Quest’ultima aspirazione è portata avanti con forza da quelle nazioni ideologicamente anti-imperialiste come l’Iran o che hanno governi socialisti come il Venezuela. Politici come Hugo Chavez e l’ex presidente iraniano Ahmadinejad hanno rivitalizzato il movimento, aggiungendosi così alla schiera dei Paesi storicamente non allineati come la Corea del Nord, la Siria e l’Algeria (senza contare le grandi potenze come l’India e la Cina).
Chavez in particolare è stato ricordato per il suo infaticabile contributo al dialogo tra i paesi del Sud del mondo e per la costruzione di un socialismo del XXI secolo: una statua in bronzo alta tre metri del compianto ex presidente e comandante della Rivoluzione Bolivariana è stata inaugurata nella Piazza Hugo Chavez a Porlamar nelle vicinanze del centro congresso che ospitava le riunioni diplomatiche.

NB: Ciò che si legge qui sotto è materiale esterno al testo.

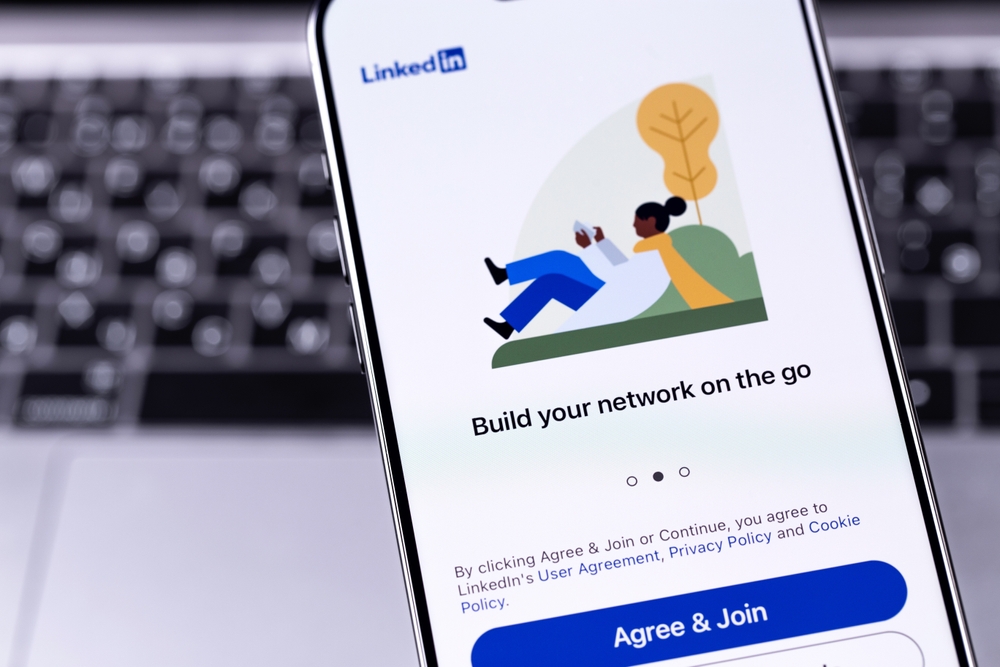  LinkedIn app on a phone screen with networking graphics, above a laptop keyboard.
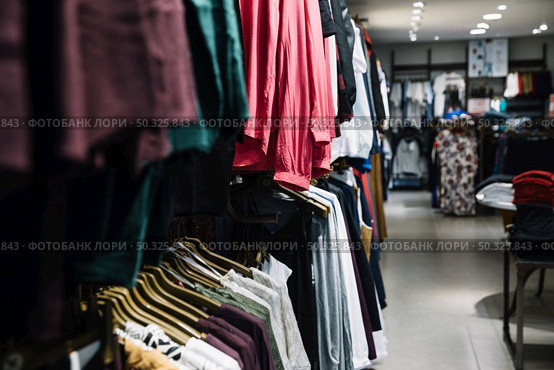 rows hangers with clothes. Resolution and high quality beautiful photo. rows hangers with clothes. High quality beautiful photo concept. Стоковое фото, агентство Ingram Publishing / Фотобанк Лори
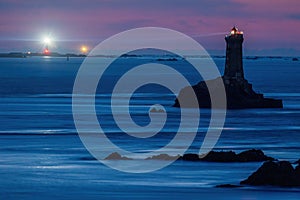 La Vieille lighthouse illuminated at night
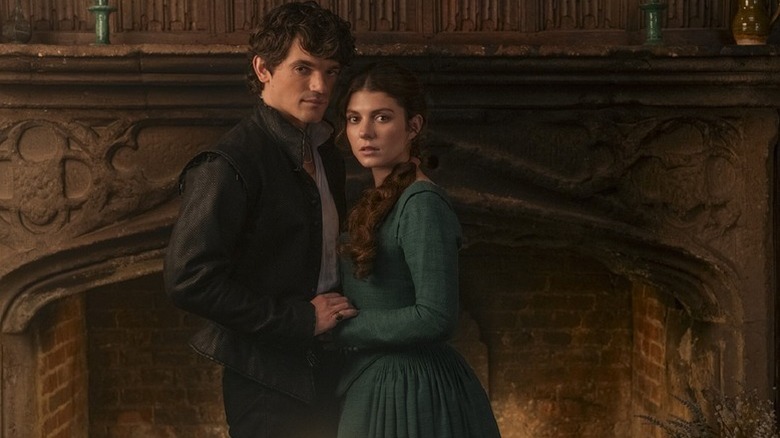 Edward Bluemel as Guildfordholding hands with Emily Bader as Jane in period clothing in front of large fireplace in My Lady Jane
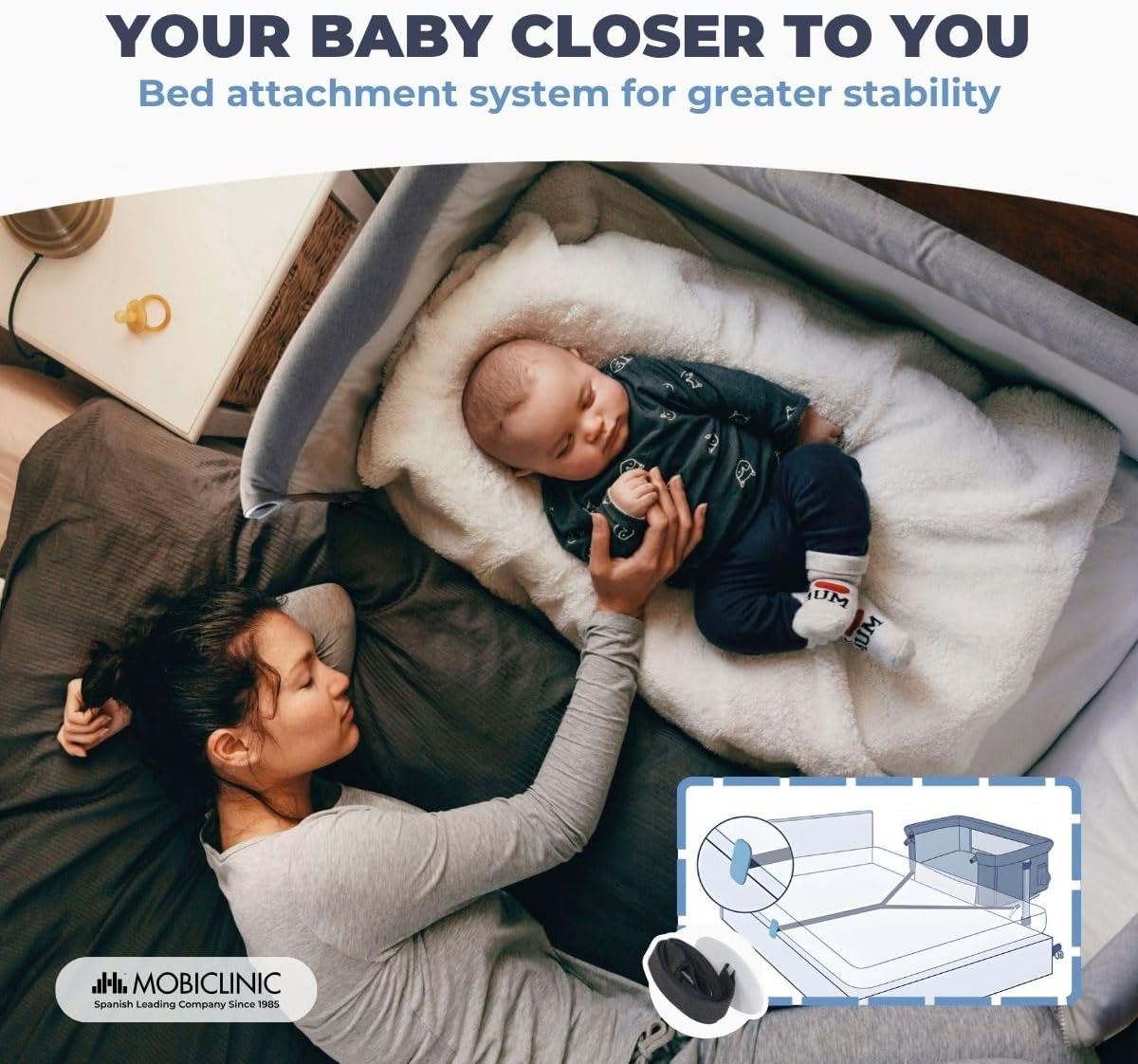 Mobiclinic Moon Bedside Sleeper attached to an adult bed with a baby sleeping inside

La scultura si ispira ad un gesto del leader bolivariano con il braccio alzato rivolto verso l’alto, durante la chiusura della campagna presidenziale dell’ottobre 2012, l’ultima a cui ha partecipato pochi mesi prima di morire.

Il XVII vertice del Movimento dei Paesi Non Allineati si è così concluso dopo cinque giorni di lavori che segnano un balzo di qualità nella promozione e nell’attuazione dei valori di sovranità, uguaglianza, sviluppo e multipolarismo.